For this exercise, copy exactly every line from the one holding "Chilaquiles con Pollo" through the end of the data, both included. Omit pictures.

--- EXERCISE MATERIALS Enclosed Below ---

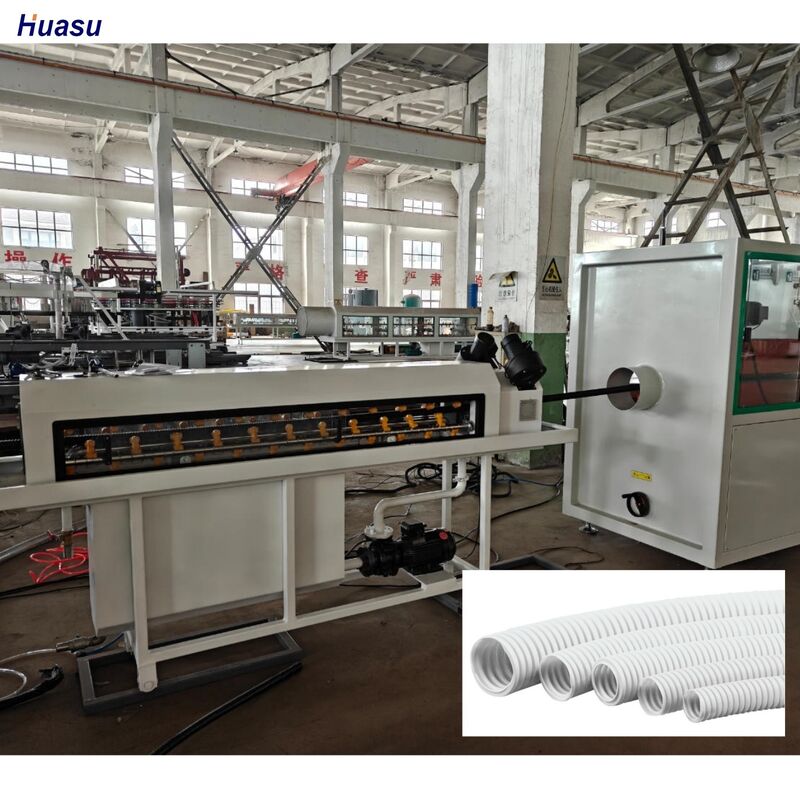 Ligne d'extrusion de tuyaux ondulés à paroi simple à commande PLC incorporant un type de coulissage de type HDPE et de moule rotatif pour la production de tuyaux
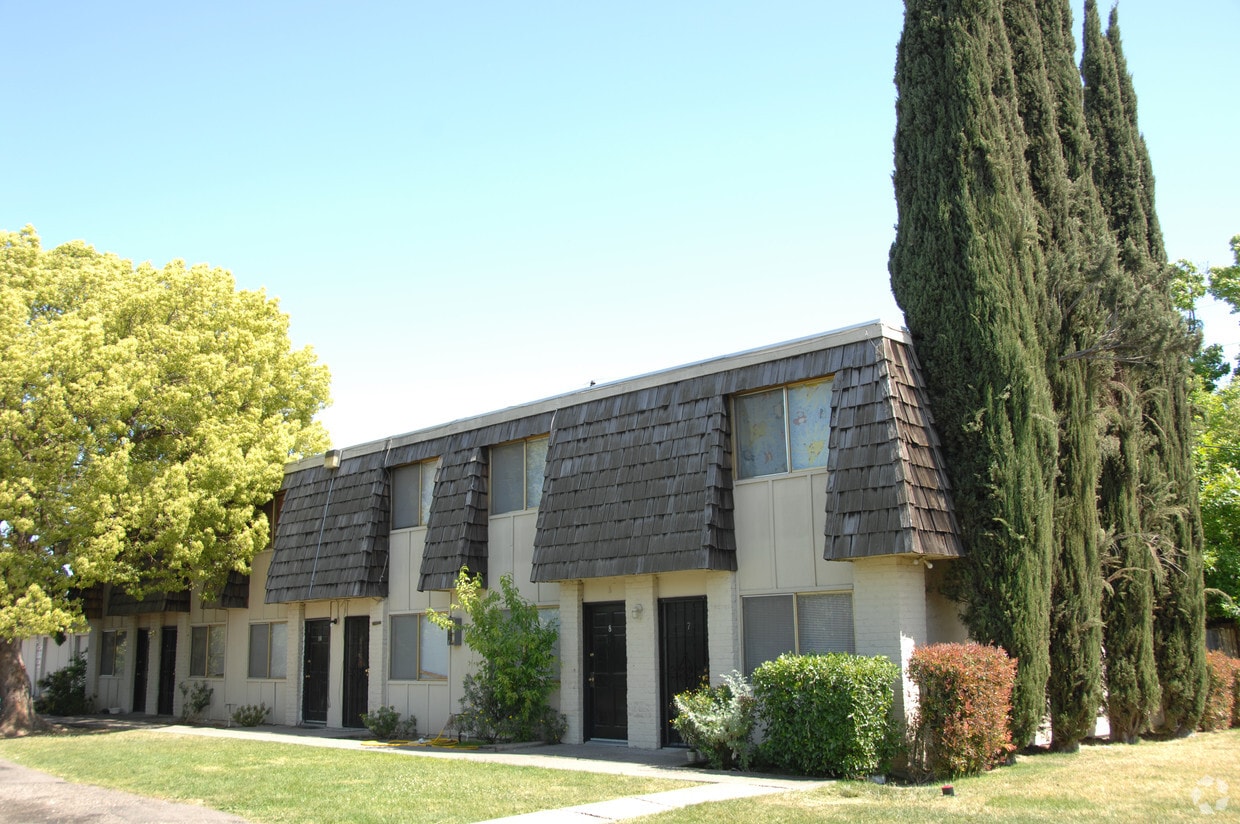 Primary Photo - 764 E Swain Road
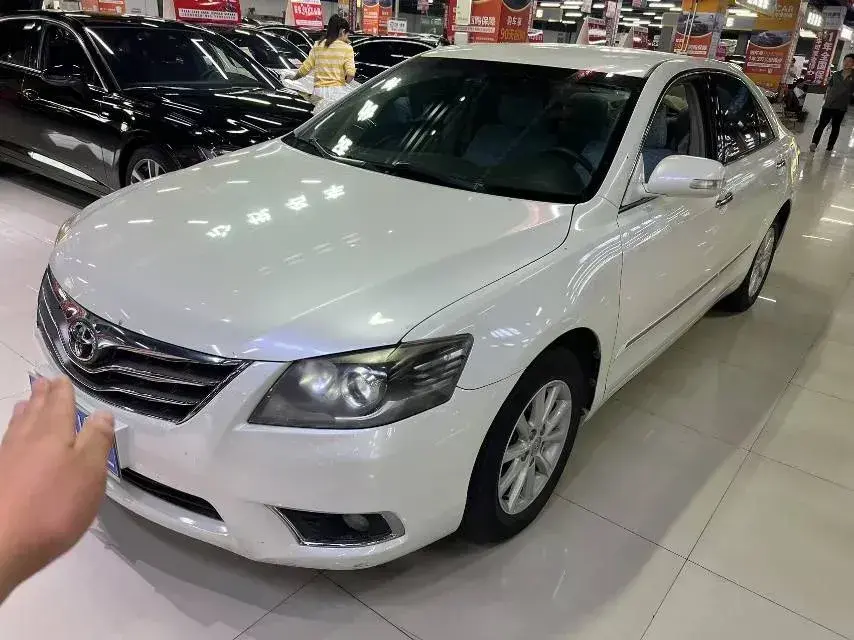 2013 Toyota Camry 2.0L 148HP L4 4AT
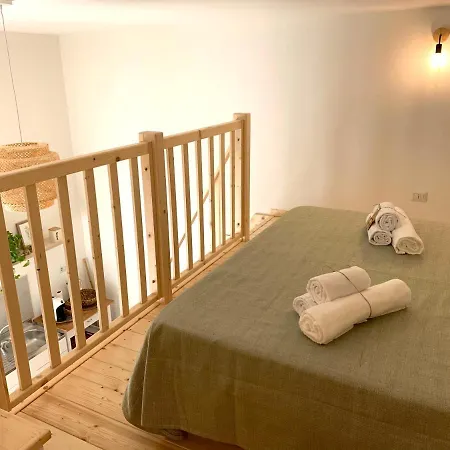 Elicriso Home-3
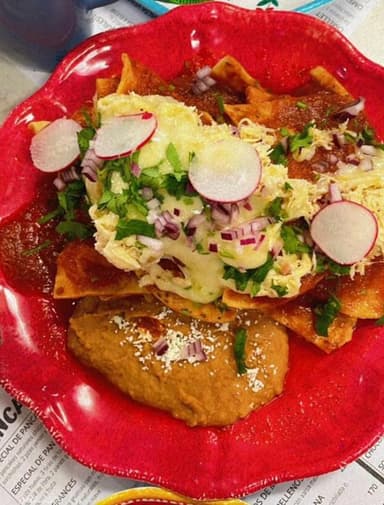 Chilaquiles con Pollo
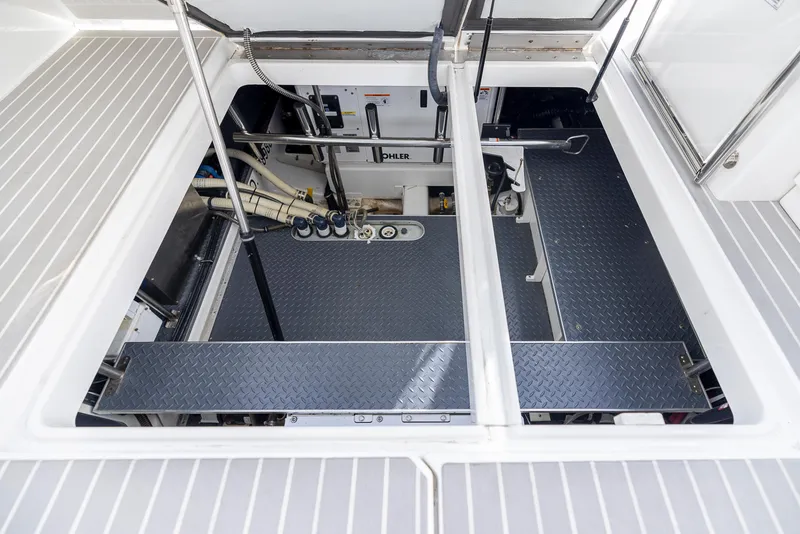 Slide: The Image of Formula 430 Super Sport Crossover 2019 - 90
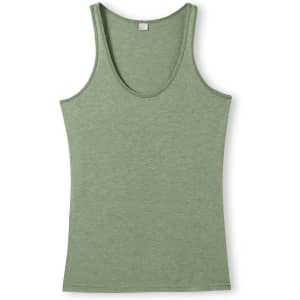 A green women’s singlet with a scoop neckline and a plain design. It features a logo on the tag.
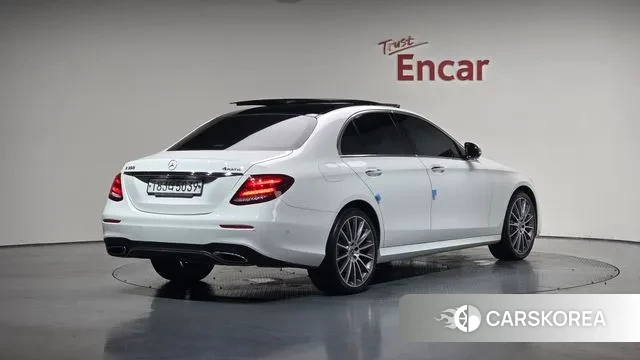 Mercedes-Benz E-Class W213 id 3060436 из Кореи 12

--- End of Enclosed EXERCISE MATERIALS ---

▶ _REPLY_:
 Chilaquiles con Pollo
 Slide: The Image of Formula 430 Super Sport Crossover 2019 - 90
 A green women’s singlet with a scoop neckline and a plain design. It features a logo on the tag.
 Mercedes-Benz E-Class W213 id 3060436 из Кореи 12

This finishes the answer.